# Treasure From The Schwinn Museum.   Is it unique?



## Goldenrod (Nov 3, 2019)

The factory Schwinn museum was picked over by the time our Illinois Whizzer group shamelessly asked for a private sale.  The bad neighborhood was distracting but this was Old Schwinn sacred ground.  The sellers kept finding more things in obscure corners of the factory.  I grabbed 6 license plate protectors and stacks of Schwinn name plates.  I am a woodworker so I imediatly thought  up this project for myself and five of the people who helped me build bikes.  One guy has passed but the others still display theirs from 1995?  The night shift Schwinn hard hat I grabbed while the other old guys were peeing after the long trip.   They were so pissed because it was the only one.  See Billy Beer Can?  President Carter's embarrassing but more lovable brother.  Boba Fett's whole costume was made in 1971?  When I wear the animal
























head people want to slit my belly open.  It's mouth bites using a plastic fish line.  The picnic bike was shown on CABE before but some of my senior friends could use a double-tap.
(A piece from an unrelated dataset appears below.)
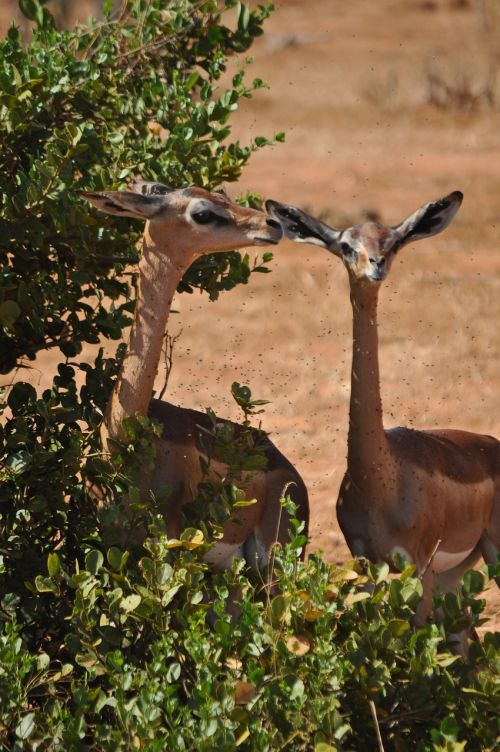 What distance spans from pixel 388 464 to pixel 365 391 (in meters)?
0.37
The thick wood is oak floor scraps.  The wood burned English designs were done because it was an English Huffy import. My daughter wanted it for bike hikes with my grandchildren.  The only wire that would fold inside with the magnets was picture hanger wire.  I will put up more pictures later but I am an underachiever.


----------



## barneyguey (Nov 3, 2019)

Cool! That's great being able to by some factory items. Congratulations!


----------



## Oilit (Nov 23, 2019)

Goldenrod said:


> The factory Schwinn museum was picked over by the time our Illinois Whizzer group shamelessly asked for a private sale.  The bad neighborhood was distracting but this was Old Schwinn sacred ground.  The sellers kept finding more things in obscure corners of the factory.  I grabbed 6 license plate protectors and stacks of Schwinn name plates.  I am a woodworker so I imediatly thought  up this project for myself and five of the people who helped me build bikes.  One guy has passed but the others still display theirs from 1995?  The night shift Schwinn hard hat I grabbed while the other old guys were peeing after the long trip.   They were so pissed because it was the only one.  See Billy Beer Can?  President Carter's embarrassing but more lovable brother.  Boba Fett's whole costume was made in 1971?  When I wear the animalView attachment 1089793
> 
> View attachment 1089791
> 
> ...



You may be an underachiever but your wood burning skills look pretty impressive to me!


----------



## WES PINCHOT (Nov 23, 2019)

Oilit said:


> You may be an underachiever but your wood burning skills look pretty impressive to me!



VERY NICE RAY!
HAPPY TURKEY DAY!


----------



## Goldenrod (Dec 31, 2021)

bump


----------



## drglinski (Dec 31, 2021)

I'd love to have one of those license plate frames.  Even if someone repopped them it would look good on the truck.


----------



## cyclingday (Dec 31, 2021)

Thanks,


----------



## bikebozo (Jan 1, 2022)

I have a license plate frame from the Schwinn museum , how much is it worth ? Or should it go on DOND.?


----------



## Goldenrod (Jan 2, 2022)

drglinski said:


> I'd love to have one of those license plate frames.  Even if someone repopped them it would look good on the truck.




No Schwinn collected would steal it but I would look like it would have value to a thief.


----------